§ **PROBLEM DETAILS**
The response should be an exact copy of the records, with the pictures removed.

Data excerpts
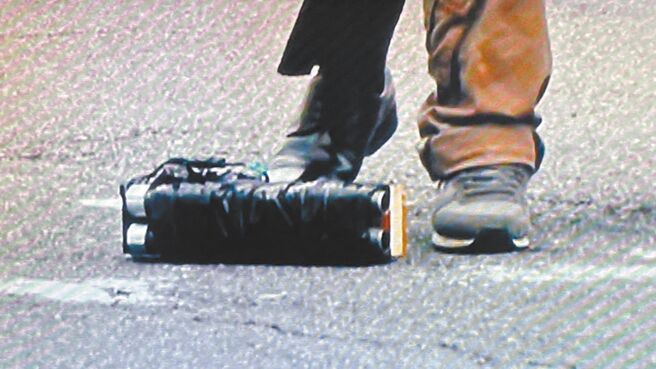 日本前首相安倍晋三8日在奈良演讲时遇刺、连中2枪，颈及胸部中弹后流血倒地，传当时已心肺停止，紧急送医后身亡。查扣改造凶枪。（摘自Tom Bateman @tomb8man推特）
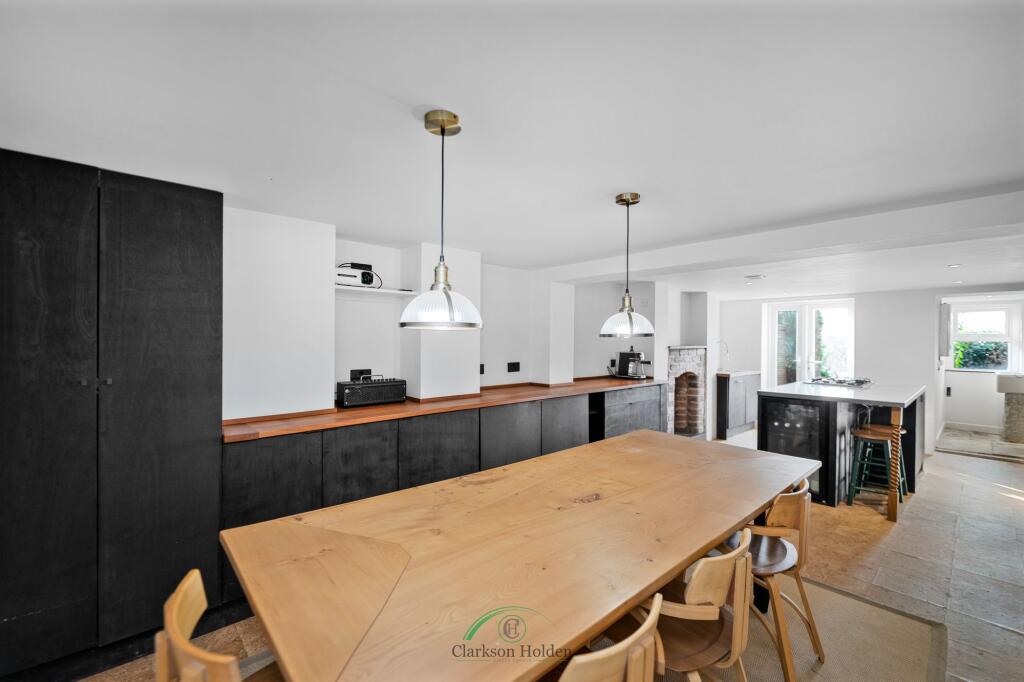 Main image of property: Wellington Street, Preston, PR1 8TQ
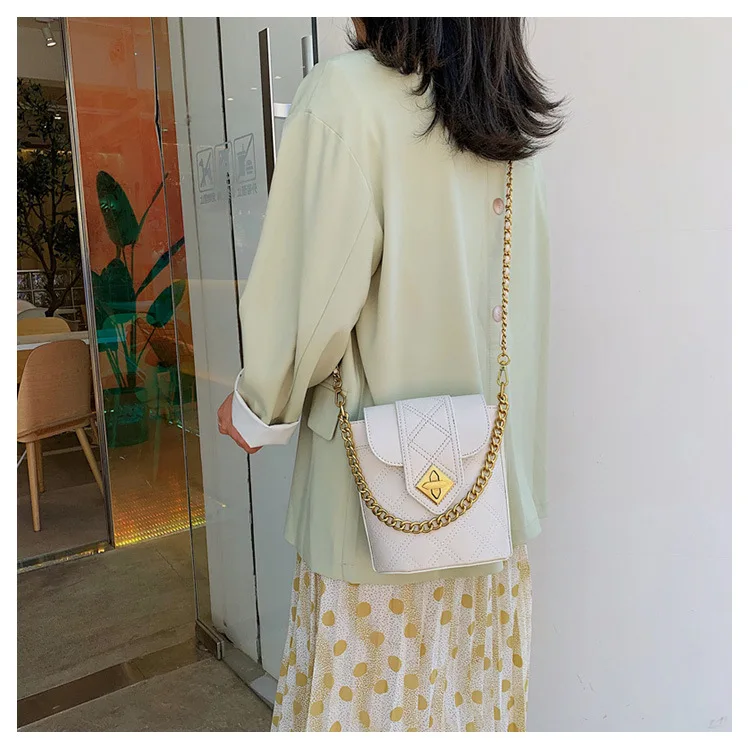 

Women's new style 2009 fashionable diamond chain bucket bag Korean version of Chao Shoulder Slant Bag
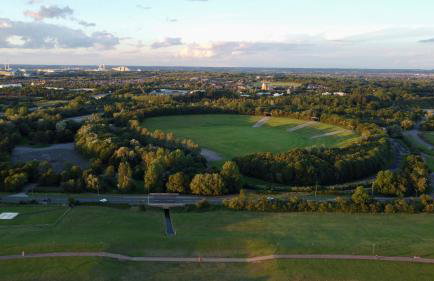 Modern Bletchley home with stylish decor - Foto 19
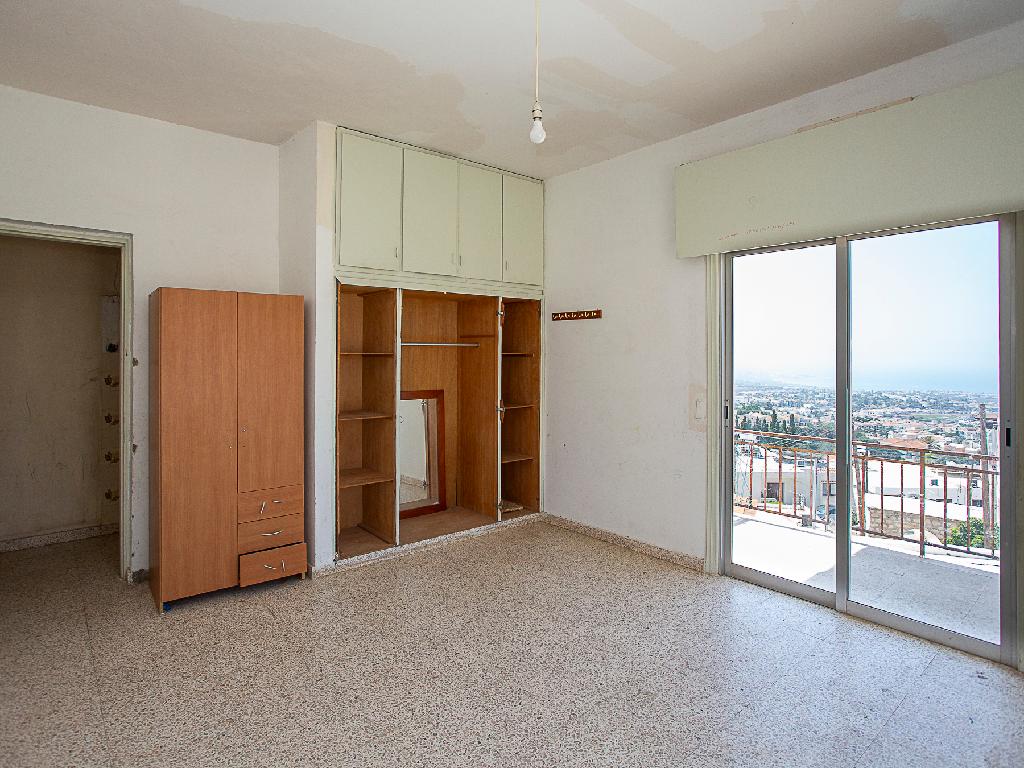 Detached house-Pegeia-PR40552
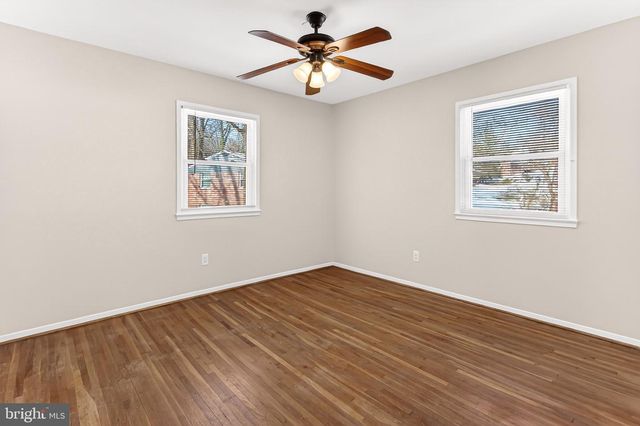 5236 AMPTHILL DR, Alexandria, VA 22312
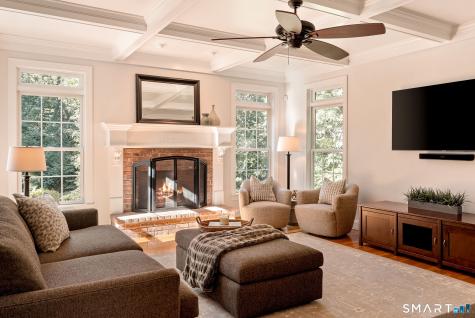 14 Highwood Crossing Burlington CT 06013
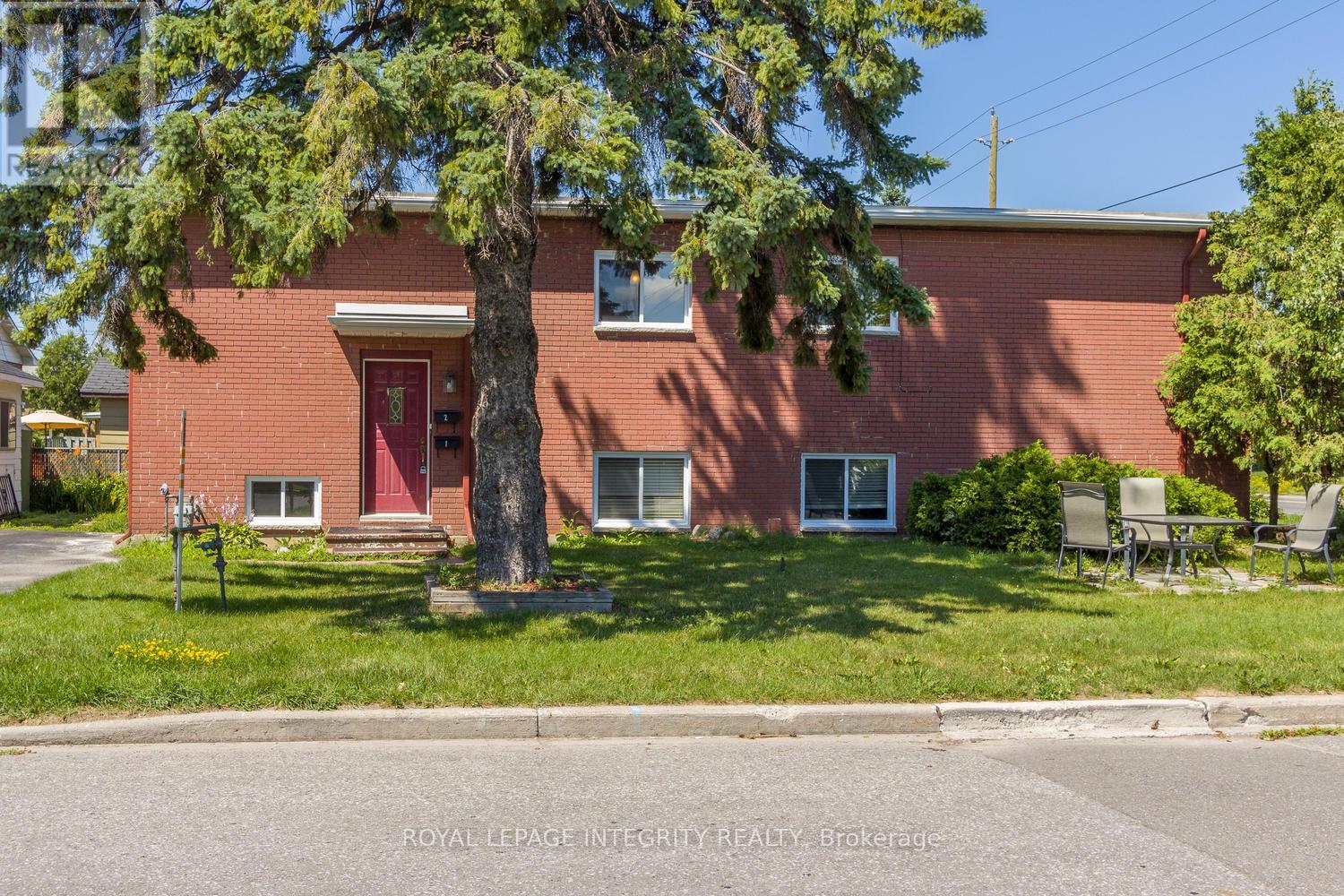 392 Tremblay Road, Ottawa, Ontario  K1G 0B8 - Photo 2 - X12397878
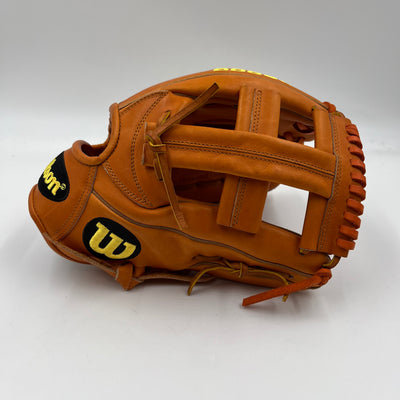 Wilson A2000 EL3 11.75 Infield Baseball Glove
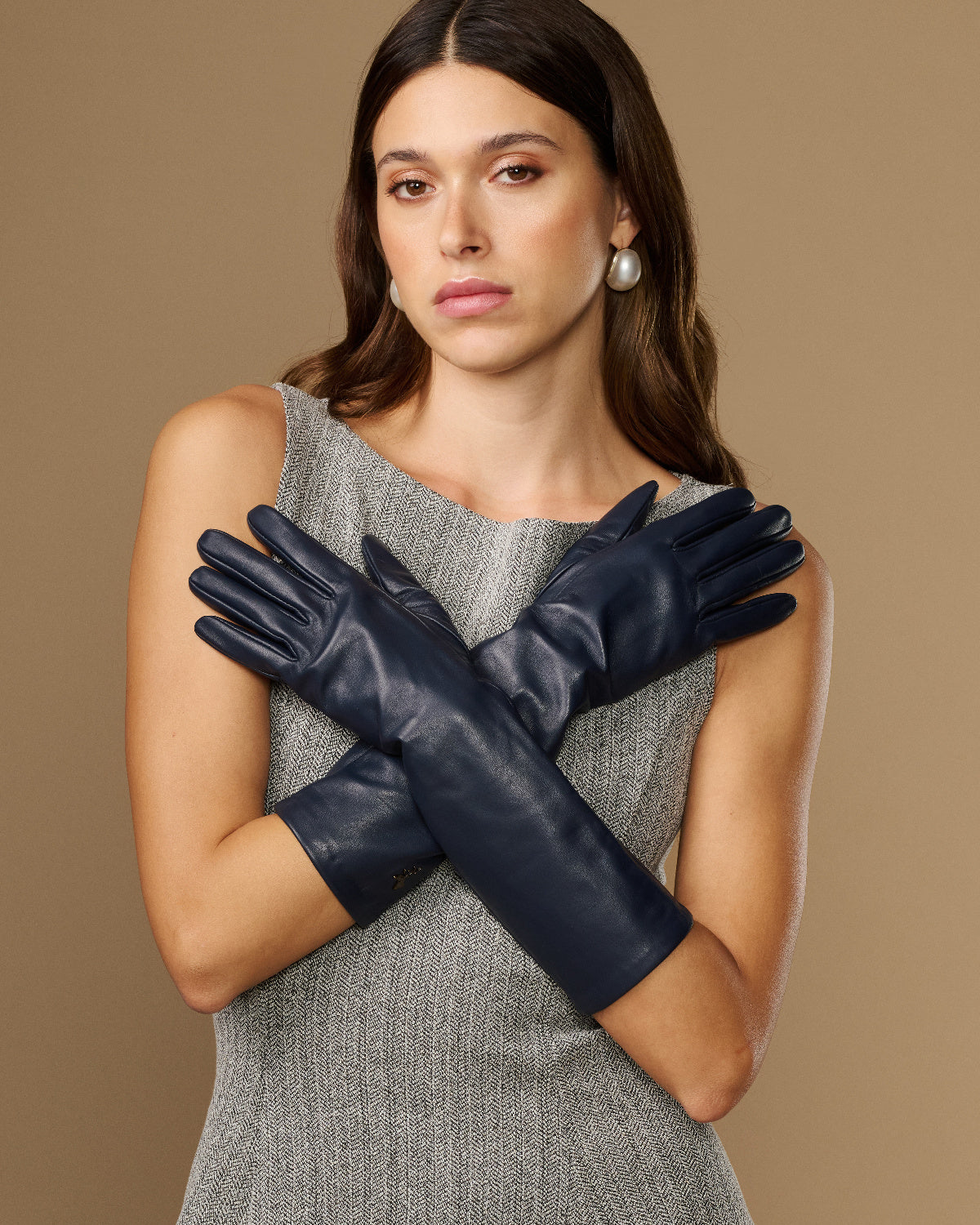 Women’s below-elbow lambskin leather gloves, dark blue, smooth finish with fitted shape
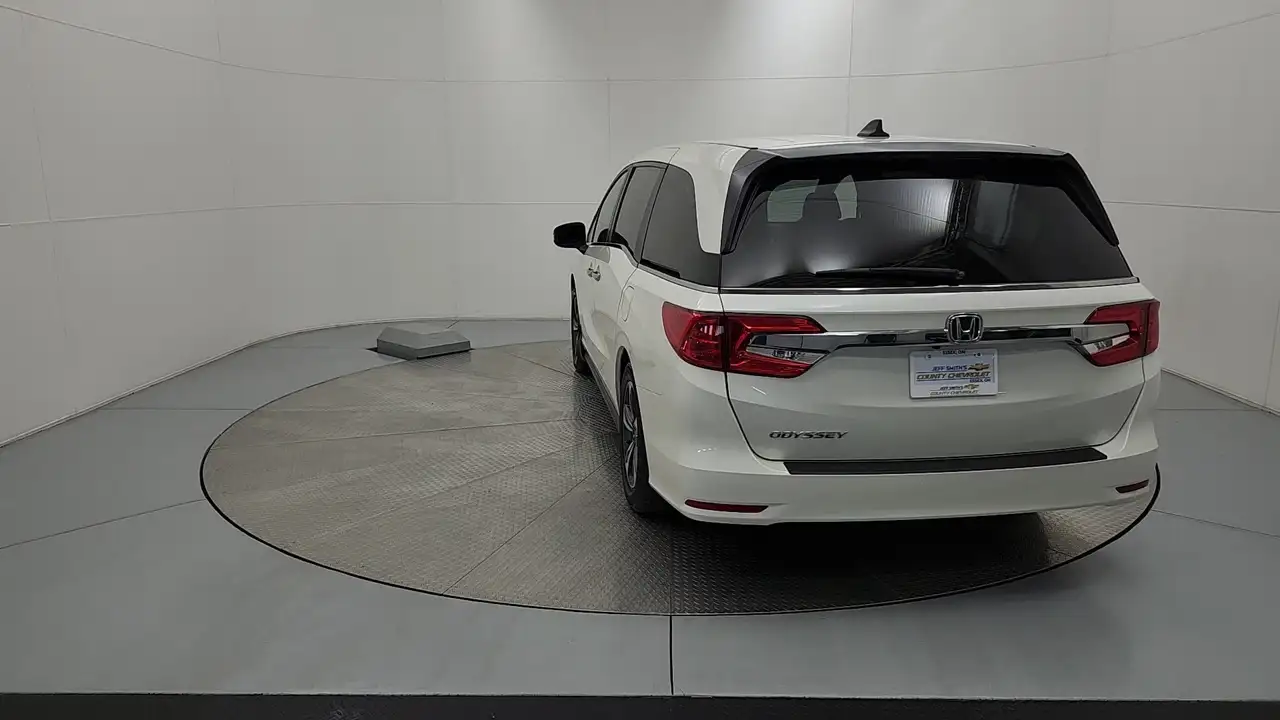 Honda Odyssey снимка Honda Odyssey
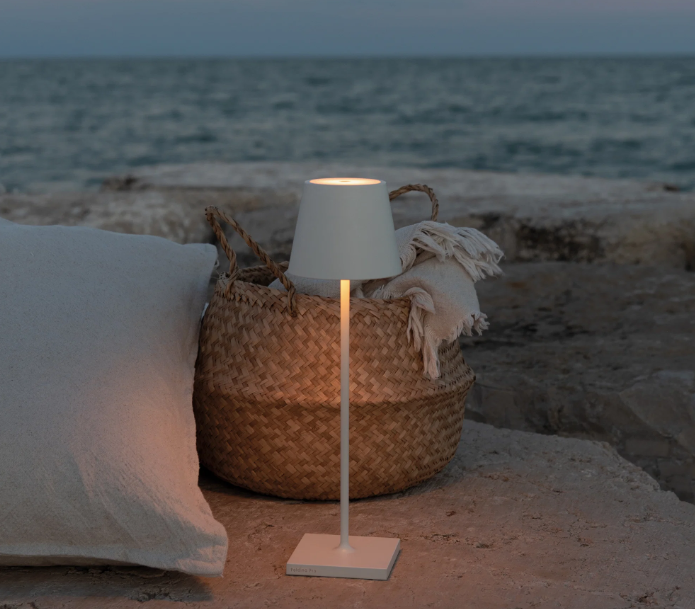 lampada da tavolo led bianca uso esterno lampada da tavolo led bianca accesa in ambiente esterno al tramonto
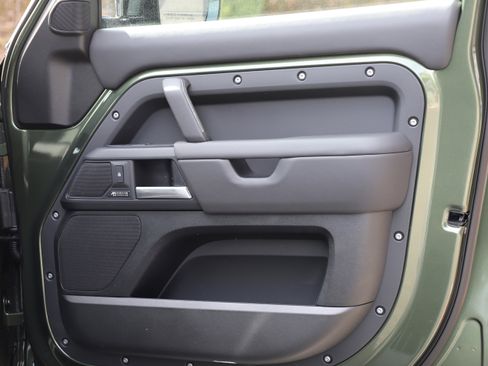 New 2026 Land Rover Defender 110 X-Dynamic SE image 7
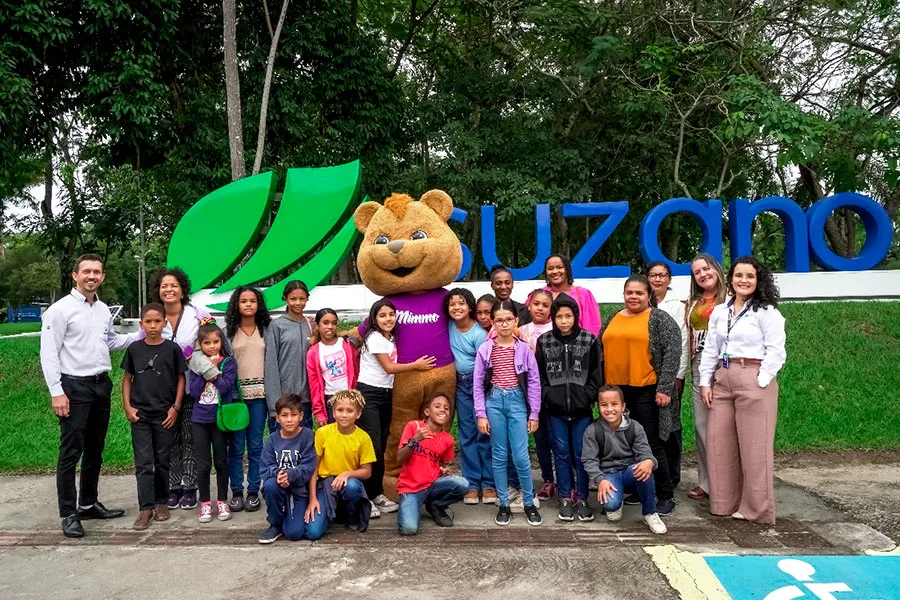 No Dia de Proteção às Florestas, Suzano destaca programa que já impactou mais de 8 mil pessoas em 2025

§ **OUTPUT FOR THIS TASK**
 日本前首相安倍晋三8日在奈良演讲时遇刺、连中2枪，颈及胸部中弹后流血倒地，传当时已心肺停止，紧急送医后身亡。查扣改造凶枪。（摘自Tom Bateman @tomb8man推特）
 Main image of property: Wellington Street, Preston, PR1 8TQ

Women's new style 2009 fashionable diamond chain bucket bag Korean version of Chao Shoulder Slant Bag
 Modern Bletchley home with stylish decor - Foto 19
 Detached house-Pegeia-PR40552
 5236 AMPTHILL DR, Alexandria, VA 22312
 14 Highwood Crossing Burlington CT 06013
 392 Tremblay Road, Ottawa, Ontario  K1G 0B8 - Photo 2 - X12397878
 Wilson A2000 EL3 11.75 Infield Baseball Glove
 Women’s below-elbow lambskin leather gloves, dark blue, smooth finish with fitted shape
 Honda Odyssey снимка Honda Odyssey
 lampada da tavolo led bianca uso esterno lampada da tavolo led bianca accesa in ambiente esterno al tramonto
 New 2026 Land Rover Defender 110 X-Dynamic SE image 7
 No Dia de Proteção às Florestas, Suzano destaca programa que já impactou mais de 8 mil pessoas em 2025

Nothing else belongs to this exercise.